→ PROBLEM: Any picture in the range stays out of the copy; retype exactly the lines from the one with "Late 20th Century" to the end of the listing.

→ ENTRIES SUPPLIED:
--------------------

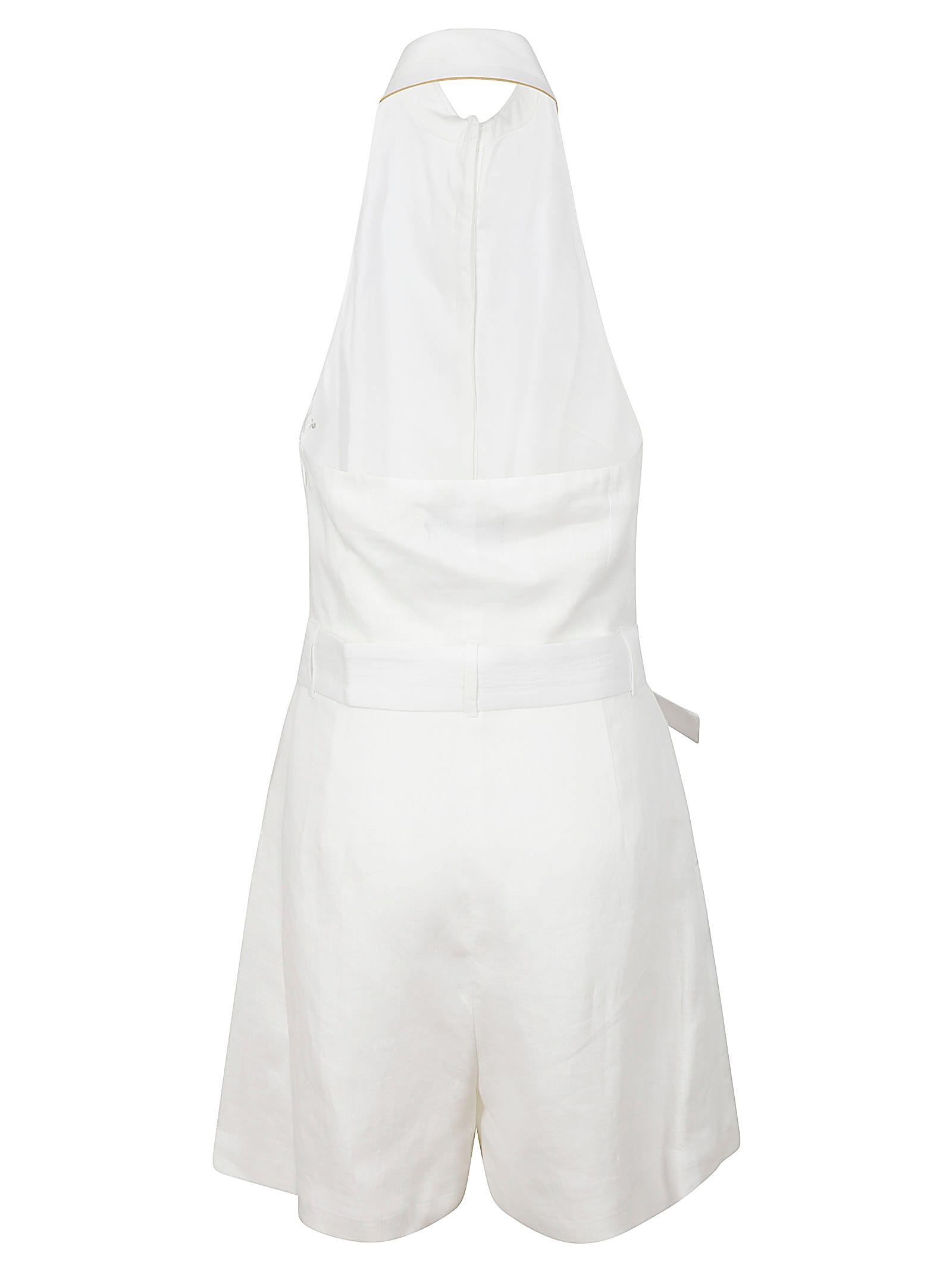 Mvp Wardrobe Halter-neck Belted Jumpsuit In White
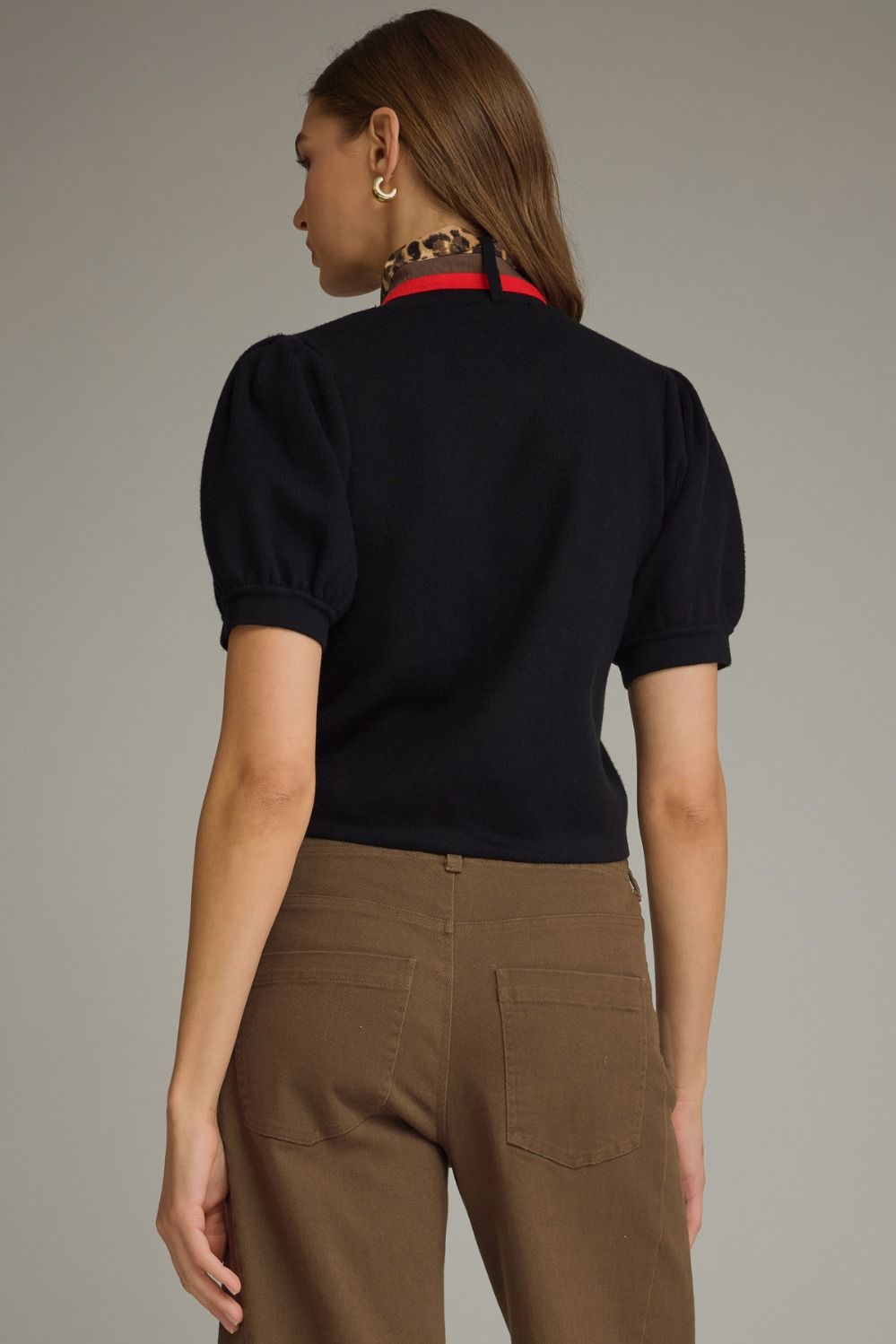 Told You So Black Puff Sleeve Knit Blouse (Scarf Included)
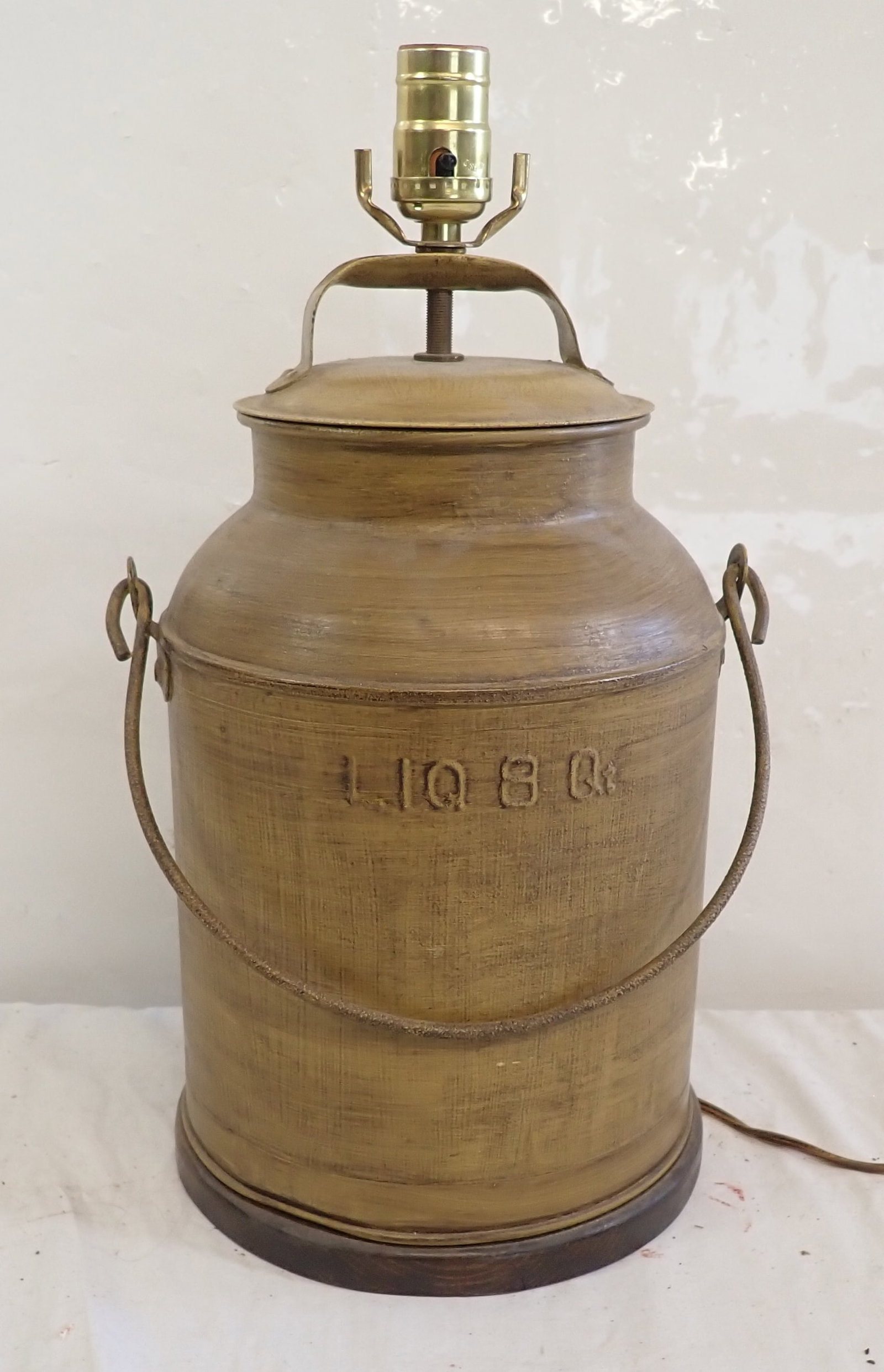Cream Can Table Lamp: Apprx 8 3/4" in diameter and 17 1/4" tall. Shipping available
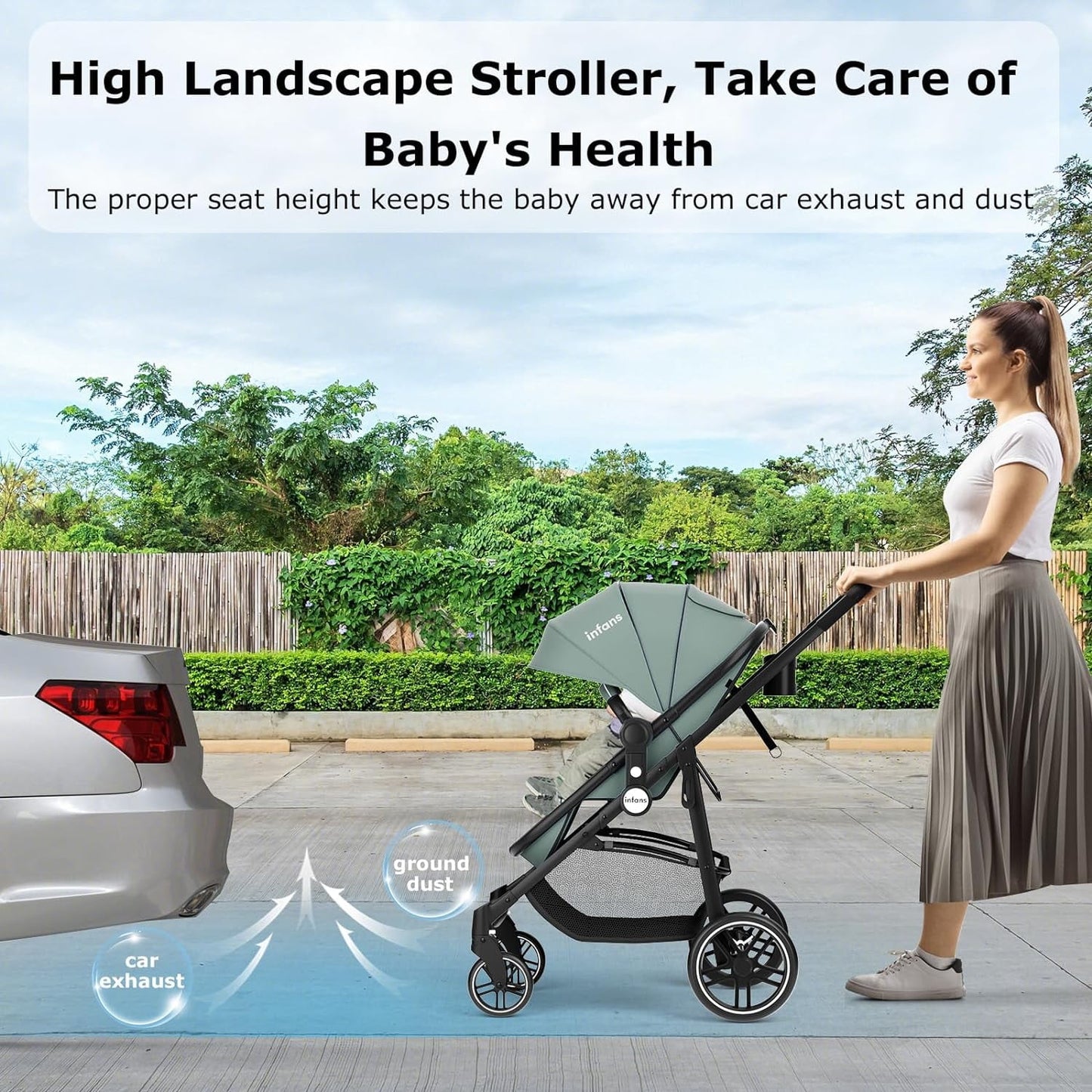 OLAKIDS 2 in 1 Baby Stroller, High Landscape Infant Stroller & Reversible Bassinet Pram, Foldable Pushchair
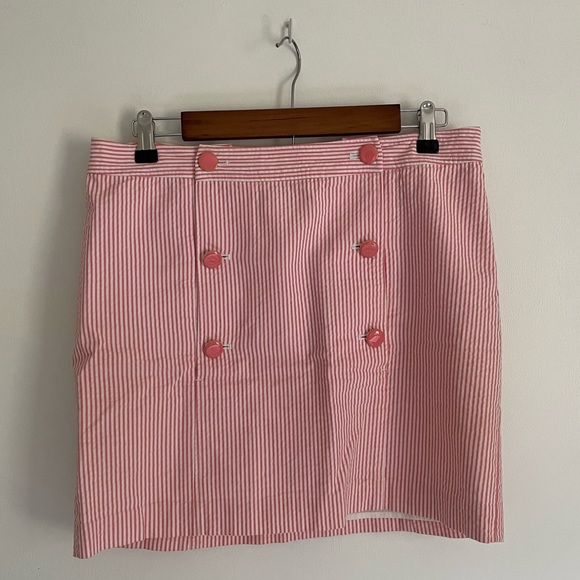 Vineyard Vines Dresses & Skirts - NWT VINEYARD VINES 16" SKIRT PINK WHITE SEERSUCKER STRIPED COTTON LINED
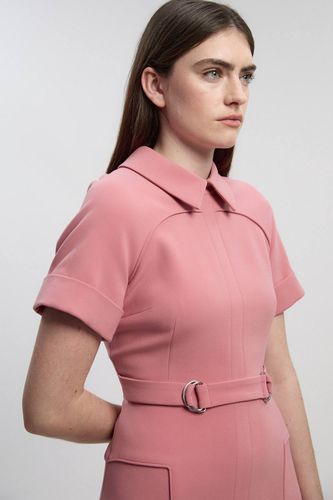 Robe Midi Évasée à Détail Patte Extensible Compacte | Taille 16 - KarenMillen - Modalova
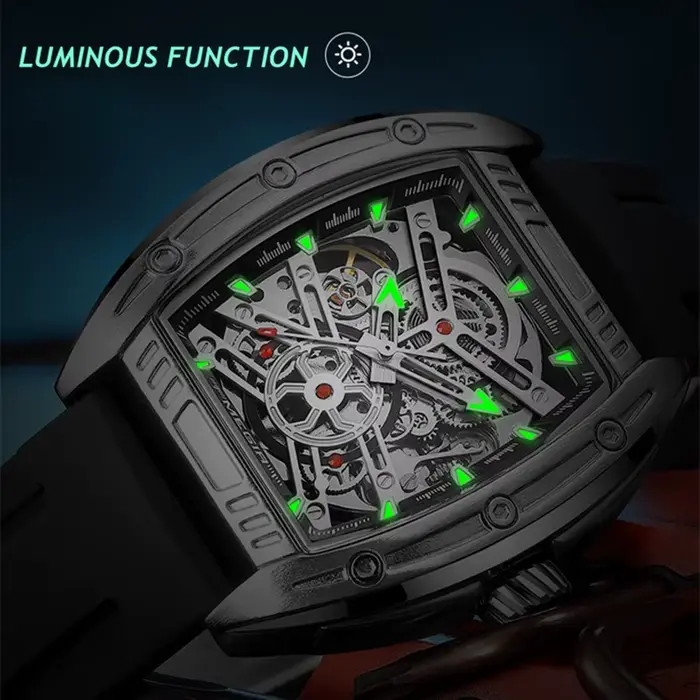 MEGIR mécanique montre pour hommes horloge mode 44MM cadran mouvement automatique lumineux étanche Sport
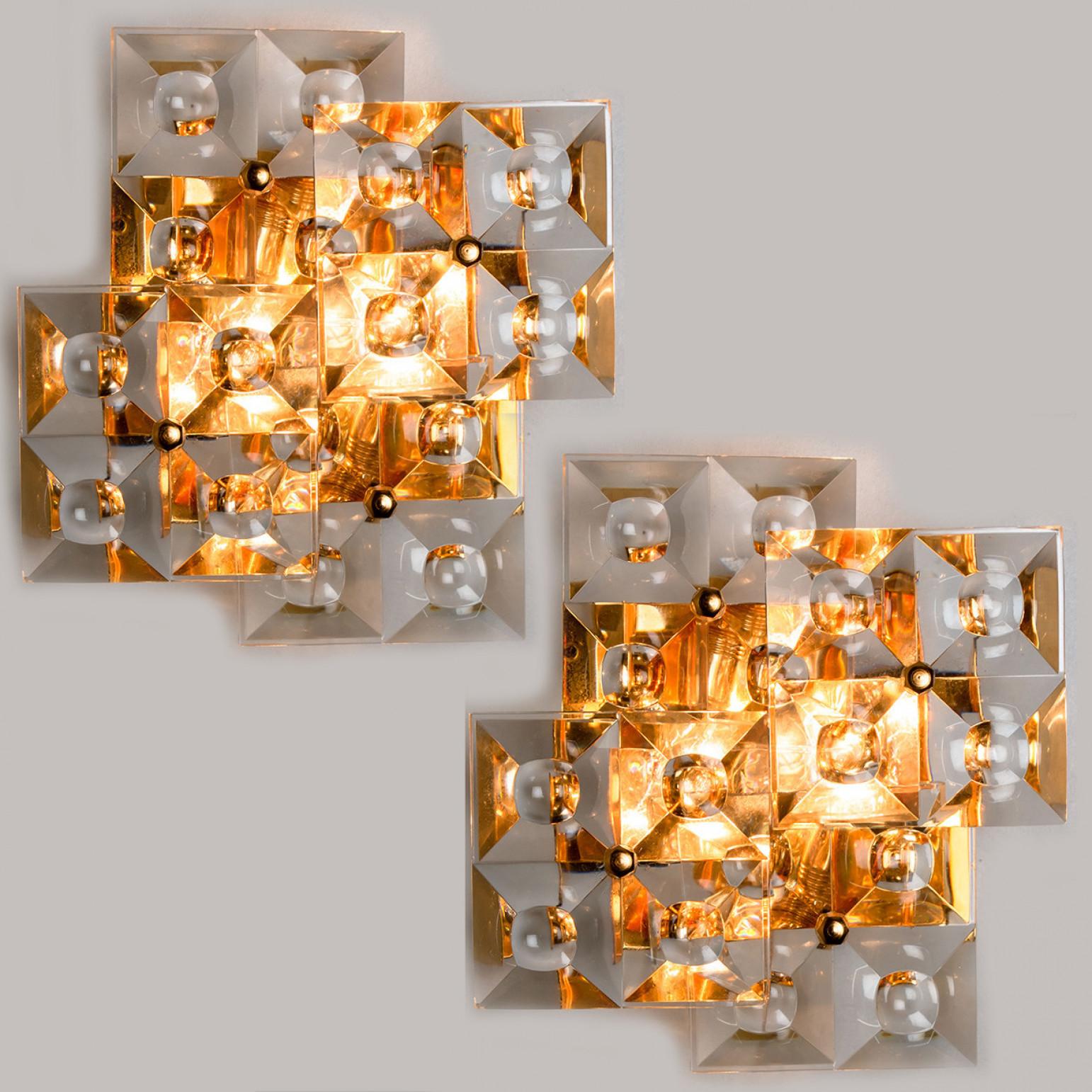 Late 20th Century Pair of Crystal Gold-Plated Wall Sconces by Kinkeldey, Germany, 1970s For Sale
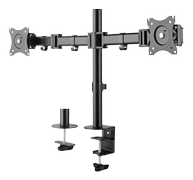 DELTACO Office, dobbelt skrivebordsbeslag m. gasfjeder, 13"-27", 8kg, 75x75-100x100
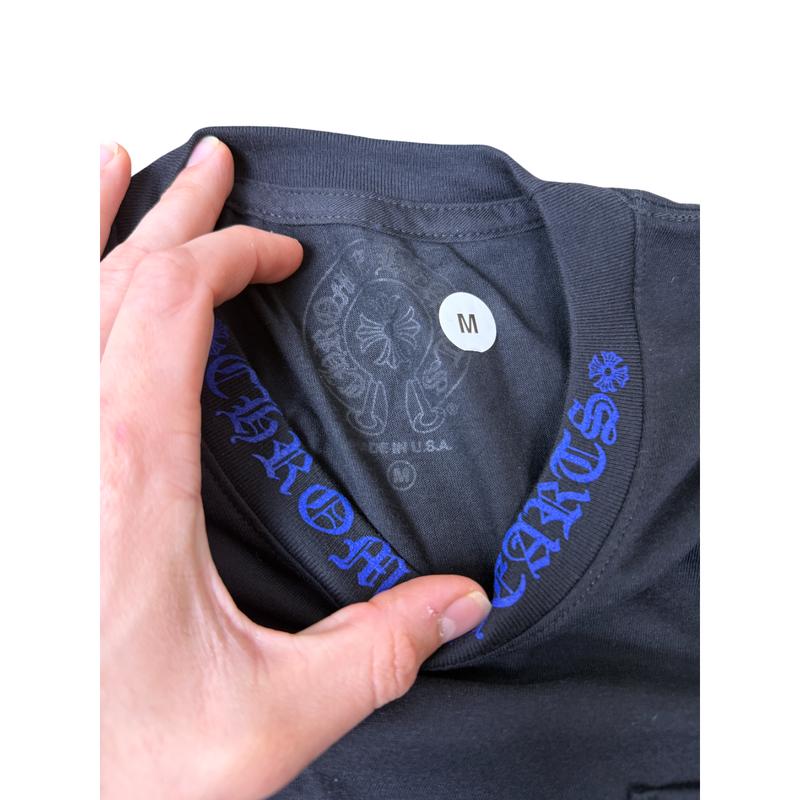 Chrome Hearts Neck Logo Pocket T-Shirt Black / Blue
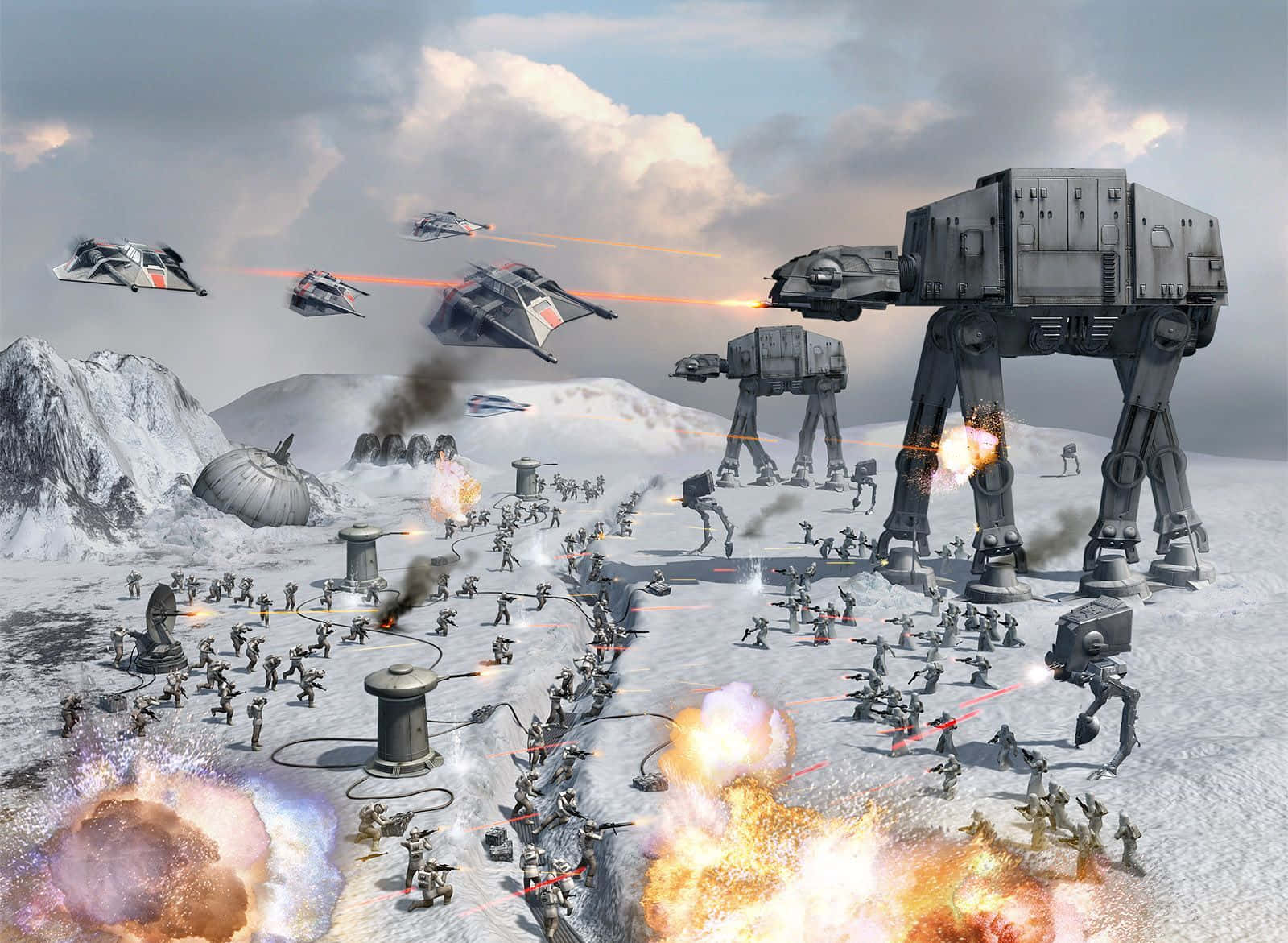 An Imperial Walker Marches Fearlessly Through Snowy Terrain Wallpaper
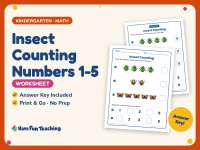 Insect Counting Numbers 1-5 Worksheet – Kindergarten Insects Practice preview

--------------------

→ RESPONSE TO THE TASK:
 Late 20th Century Pair of Crystal Gold-Plated Wall Sconces by Kinkeldey, Germany, 1970s For Sale
 DELTACO Office, dobbelt skrivebordsbeslag m. gasfjeder, 13"-27", 8kg, 75x75-100x100
 Chrome Hearts Neck Logo Pocket T-Shirt Black / Blue
 An Imperial Walker Marches Fearlessly Through Snowy Terrain Wallpaper
 Insect Counting Numbers 1-5 Worksheet – Kindergarten Insects Practice preview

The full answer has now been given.